* _Material for this exercise_

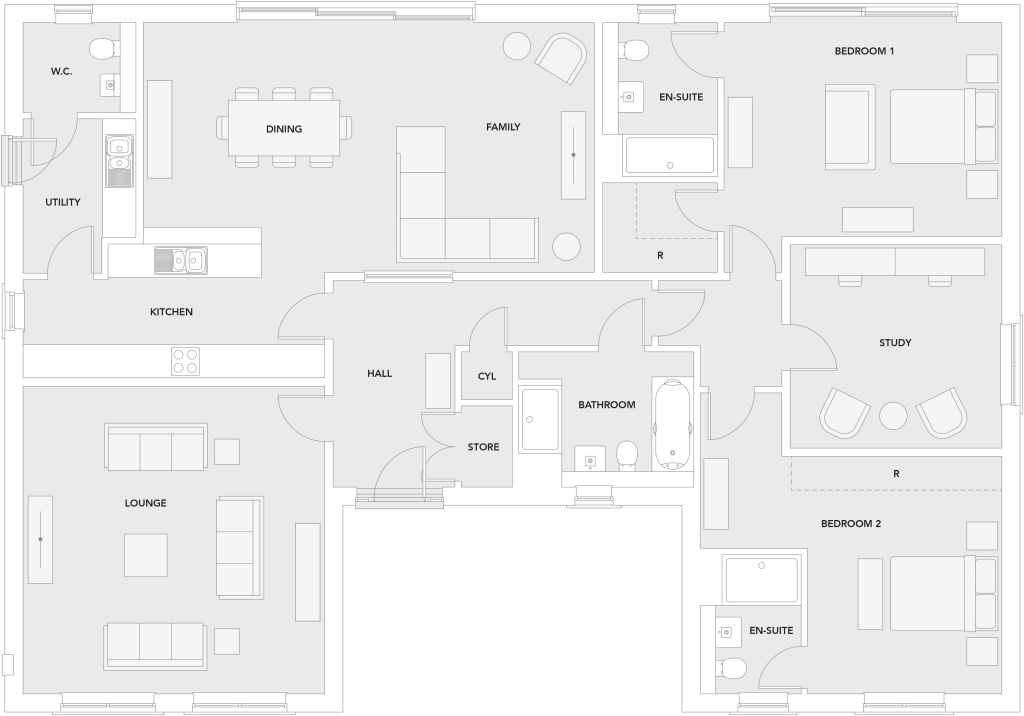 The Wood Floor Plan, Luxury New Build Home Alnwick Northumberland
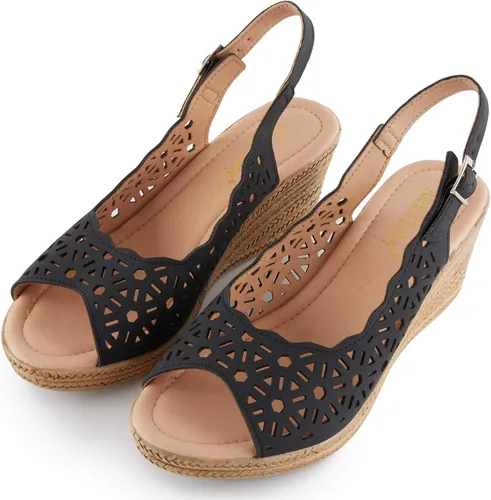 Vista 6 de Alexis Leroy tacón de cuña recortado Vamp Peep Toe Slingback sandalias de mujer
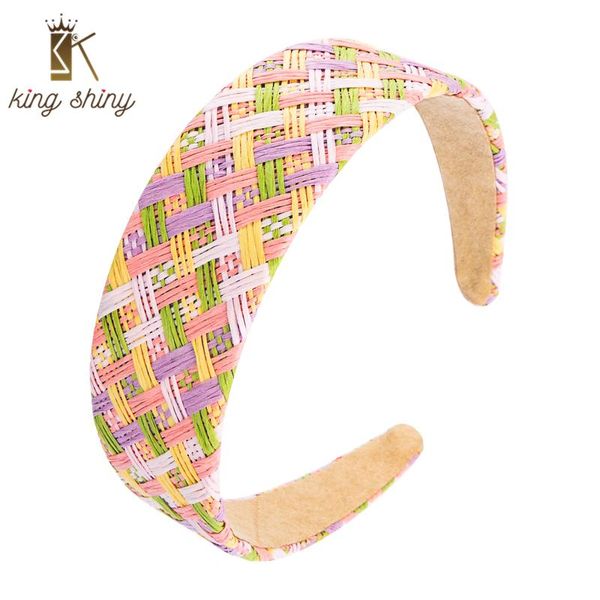 

hair clips & barrettes king shiny 2021 summer lafite headband for woman temperament hand made wide-brimmed straw weaving hairband girls beac, Golden;silver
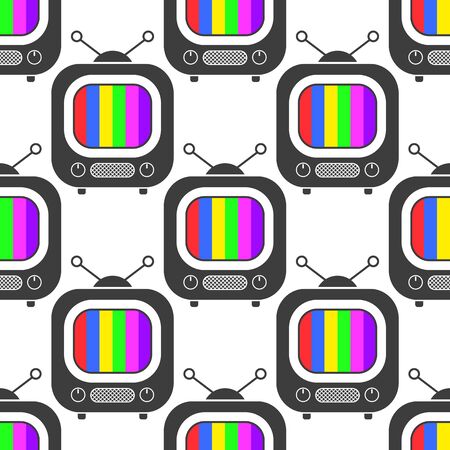 Tv icon in line style seamless pattern background. Business flat vector illustration. Television sign symbol pattern.のイラスト素材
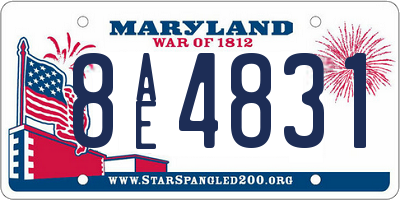 MD license plate 8AE4831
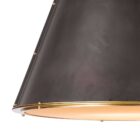 Regina Andrew French Maid Chandelier in black with conical shade and brass accents.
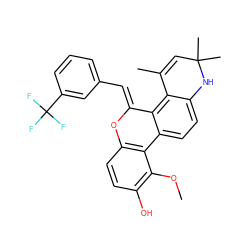 COc1c(O)ccc2c1-c1ccc3c(c1/C(=C/c1cccc(C(F)(F)F)c1)O2)C(C)=CC(C)(C)N3 ZINC000138820375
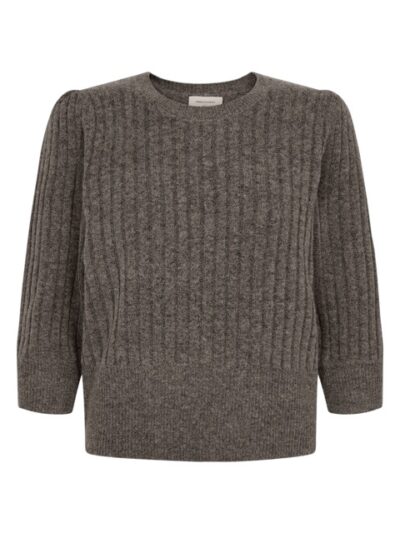 brun strik med striktur og ribanter. Freequent FQHARA-PULLOVER Morel Melange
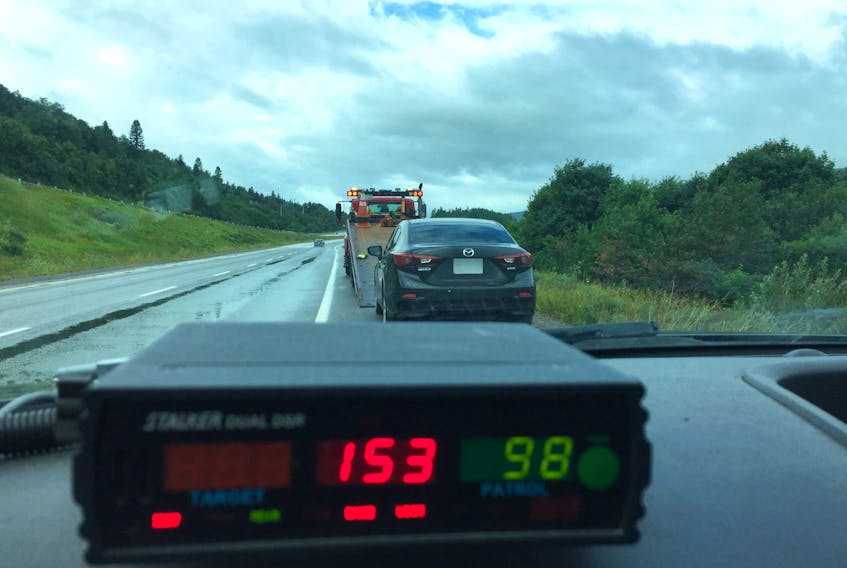 The RCMP stopped this vehicle after a radar reading put its speed at 153 km/h near the Humber Valley Resort on Tuesday.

* _Work instructions_
Retype the records exactly. Any image in them should not appear in what you write.

* _Answer box_
 The Wood Floor Plan, Luxury New Build Home Alnwick Northumberland
 Vista 6 de Alexis Leroy tacón de cuña recortado Vamp Peep Toe Slingback sandalias de mujer

hair clips & barrettes king shiny 2021 summer lafite headband for woman temperament hand made wide-brimmed straw weaving hairband girls beac, Golden;silver
 Tv icon in line style seamless pattern background. Business flat vector illustration. Television sign symbol pattern.のイラスト素材
 MD license plate 8AE4831
 Regina Andrew French Maid Chandelier in black with conical shade and brass accents.
 COc1c(O)ccc2c1-c1ccc3c(c1/C(=C/c1cccc(C(F)(F)F)c1)O2)C(C)=CC(C)(C)N3 ZINC000138820375
 brun strik med striktur og ribanter. Freequent FQHARA-PULLOVER Morel Melange
 The RCMP stopped this vehicle after a radar reading put its speed at 153 km/h near the Humber Valley Resort on Tuesday.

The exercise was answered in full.